Data scientist Diana Benavides Prado joined CSDA last year and her current focus is on improving the accuracy of the Allegheny Family Screening Tool which has been implemented by Allegheny County’s Department of Human Services in the US.

Benavides Prado holds a Master of Computer Engineering and Computer Science and is completing her PhD in Computer Science at the University of Auckland.

She says the existing tool is already helping Allegheny’s child protection staff with screening and referral decisions by analysing risk factors and creating a ‘screening score’ which indicates the likelihood of maltreatment of the child in the future.

Staff use this information, in combination with their own experience and understanding of the context, to help determine whether to refer the case for further investigation and monitoring.

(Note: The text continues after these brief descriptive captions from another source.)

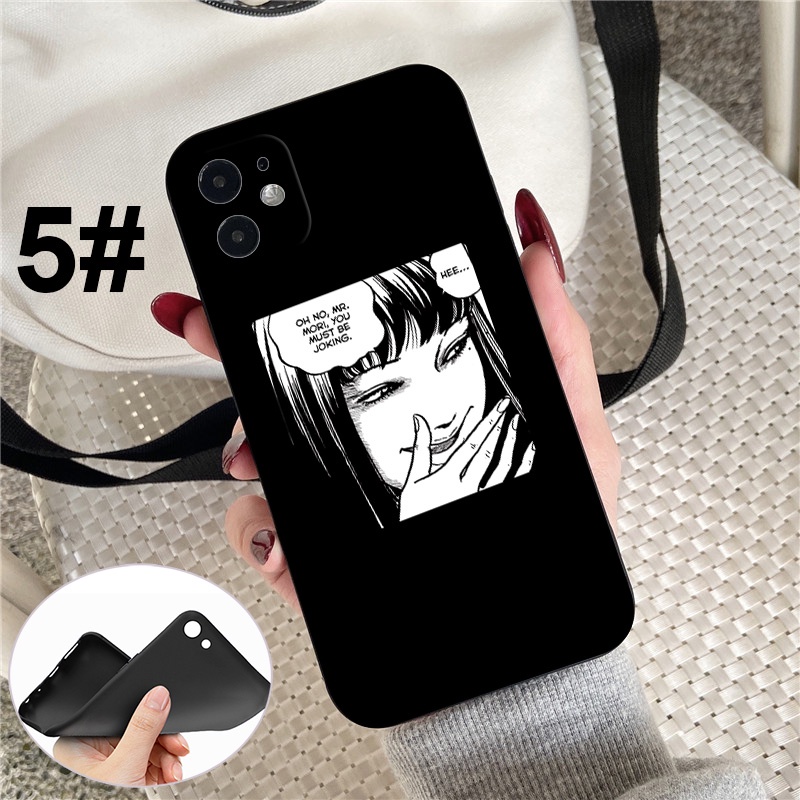 Ốp điện thoại mềm in hoạt hình kinh dị Junji Ito Tomie GR65 thích hợp cho iPhone 12 Mini 11 Pro Max 12mini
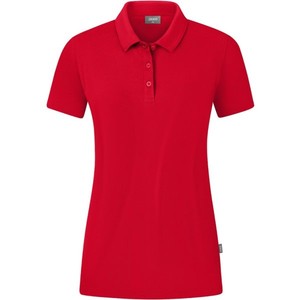 Polokošele JAKO Organic Stretch Polo Shirt Rot F100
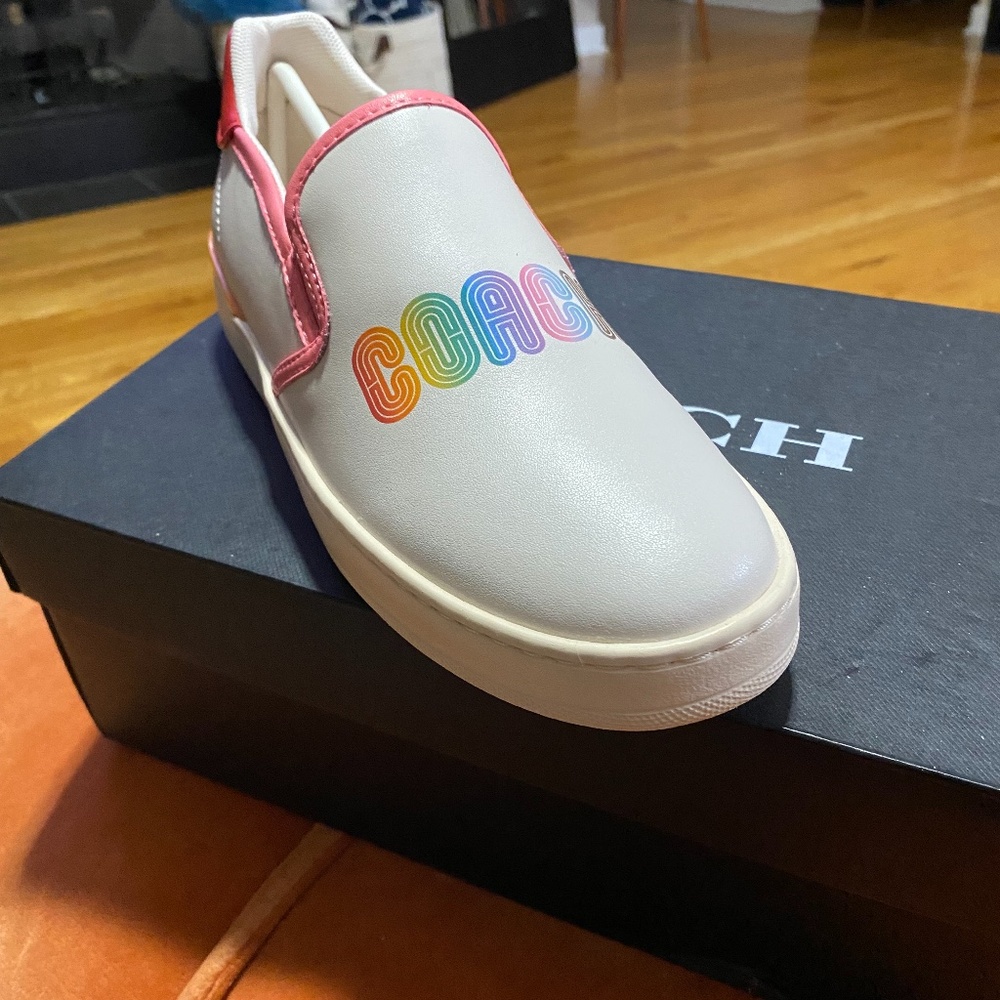 Coach Leather Special Edition Slip On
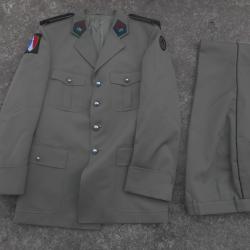 belle tenue de sortie veste et pantalon du 135 &egrave;me r&eacute;giment du train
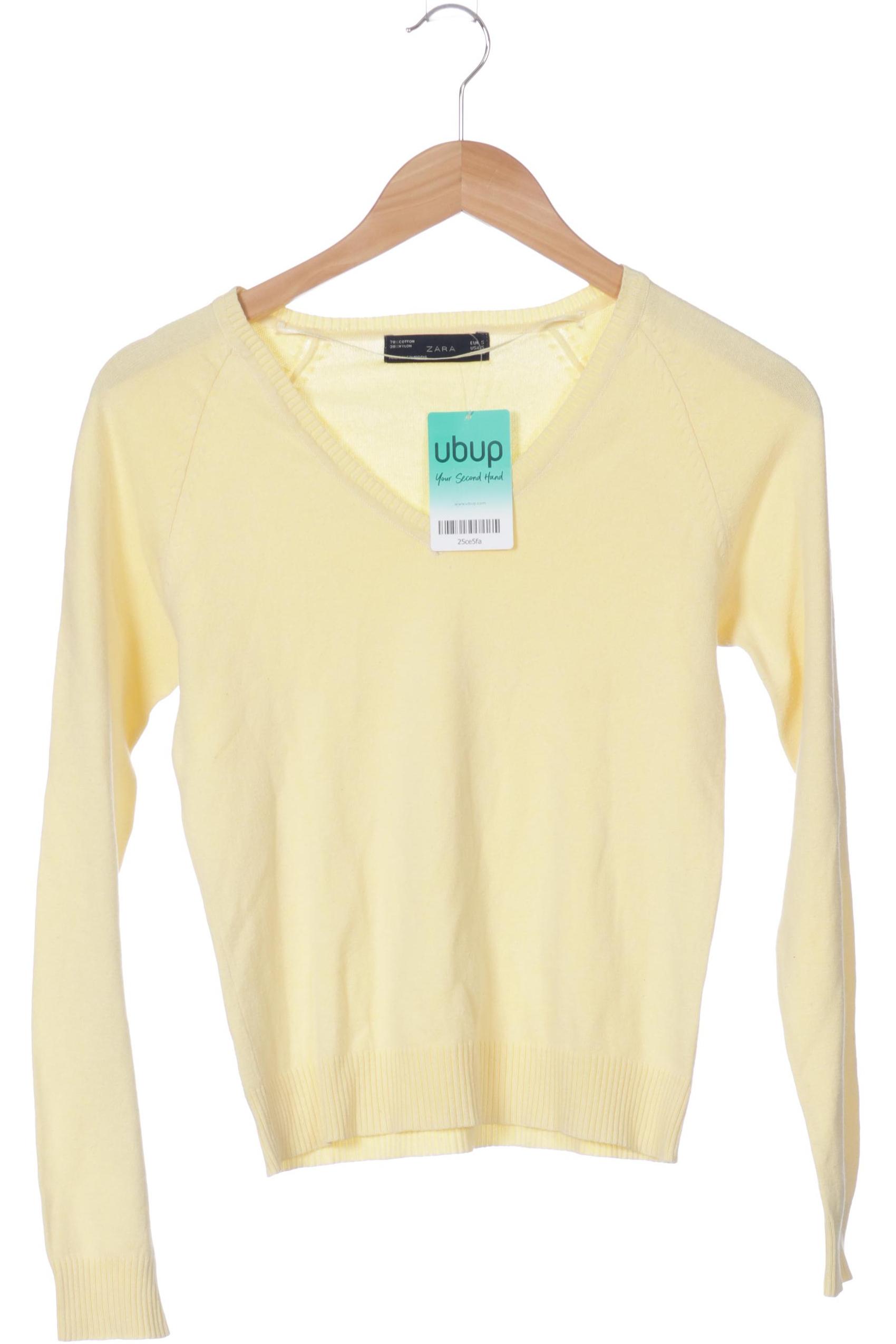 

Zara Damen Pullover, gelb, Gr. 36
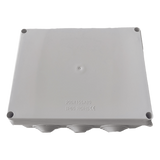 LP-WBX-200 - LinkedPro Caja Estanca de Conexiones IP65, 10 Entradas, 200x155x80 mm, Incluye Tornillería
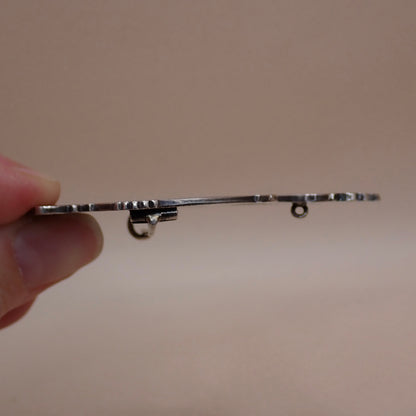 Rare 19th Century Scottish Sterling Silver Crowned Luckenbooth “Grand” Brooch Pin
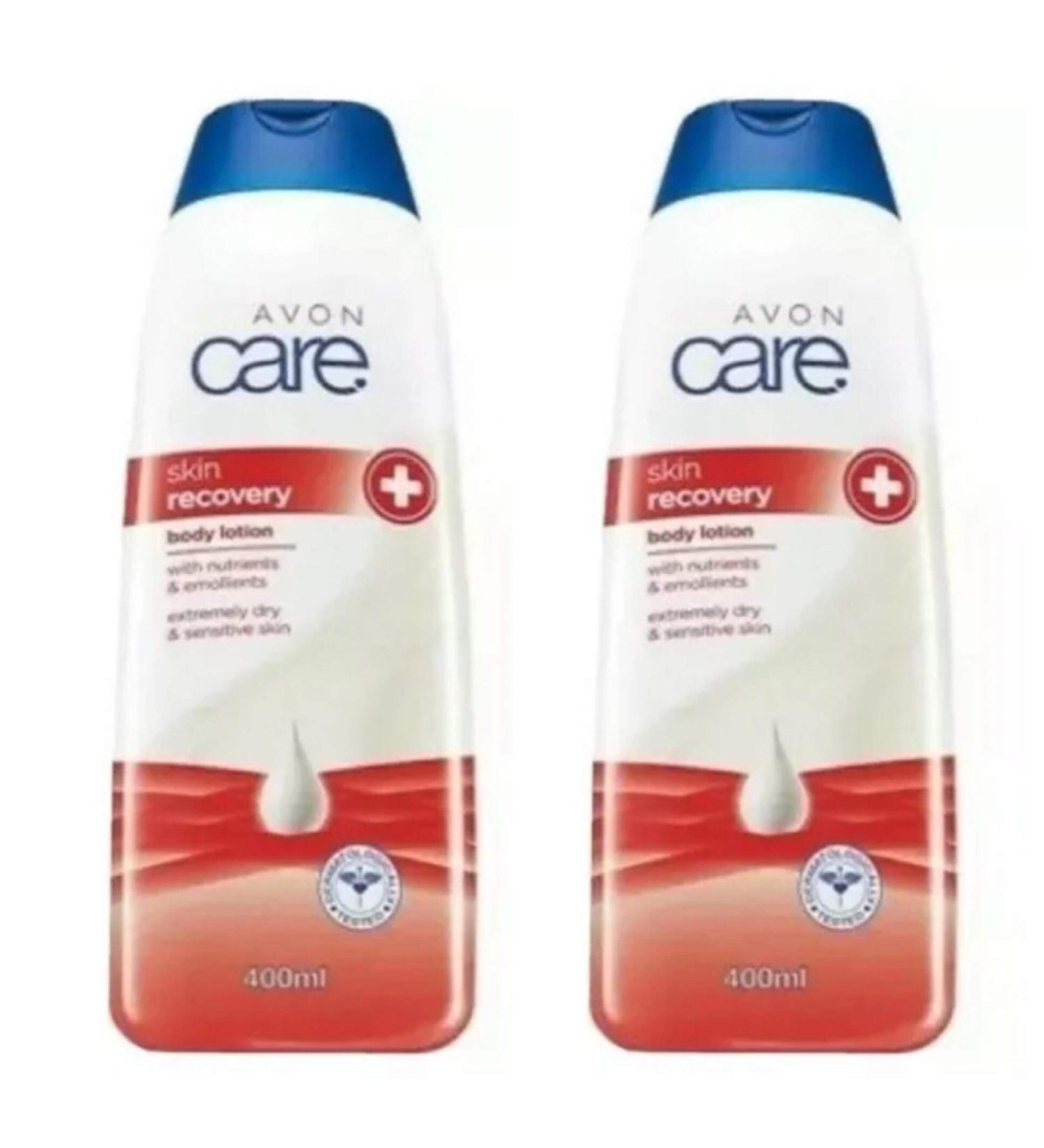 2x Avon Care Skin Recovery Body Lotion-400ml x2 800ml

“What we are doing with predictive risk modelling in child welfare isn’t designed to replace human decisions, instead our model supports people to make better decisions by helping to analyse all the data that is available.”

The screening tool, developed by CSDA, is currently powered by a logistic regression model which applies a series of binary queries - such as ‘male or female’, ‘under 5 years or 5 years +’, ‘household of less than 6 people or 6 people +’ - to calculate the risk score.

Benavides Prado is currently investigating a more complex rule-based model - the random forest model - which can analyse and cross-reference numerous sets of data or ‘decision trees’ and which could arrive at more accurate predictions about the likelihood of a child being at risk of abuse. Other rule-based models like XGBoost and statistical learning methods like SVM are also being explored.

“This sort of model can identify more complex patterns, more complex interactions in the data.”

Work to date has confirmed the accuracy of the more complex modelling tool using historic Allegheny County data but the CDSA team wants to answer several questions before it can be implemented (alongside the earlier model).

“We have to identify where the models are in agreement and where they are in disagreement, and we have to answer why. It may be that one model is more accurate in most contexts, but in a few specific contexts the other model will give a more accurate prediction of the outcome.”

The more complex data model also means it is harder to see - and harder to explain - how the conclusion was arrived at.

“People using these models want to understand how the model has reached its answer and they are right to ask. In a situation where you are helping to determine decisions about a child’s welfare you want to be as clear as possible about your reasoning.”

Benavides Prado says in the field of computer science a lot of time has been spent on making these advanced models very accurate but much less time has been spent on explaining how they work.

She hopes to develop the model so it delivers a small summary explanation alongside its conclusion.

“Even with the challenges it is important that we work towards the most accurate models because, ultimately, improving the accuracy will mean better decisions are made about at-risk children.”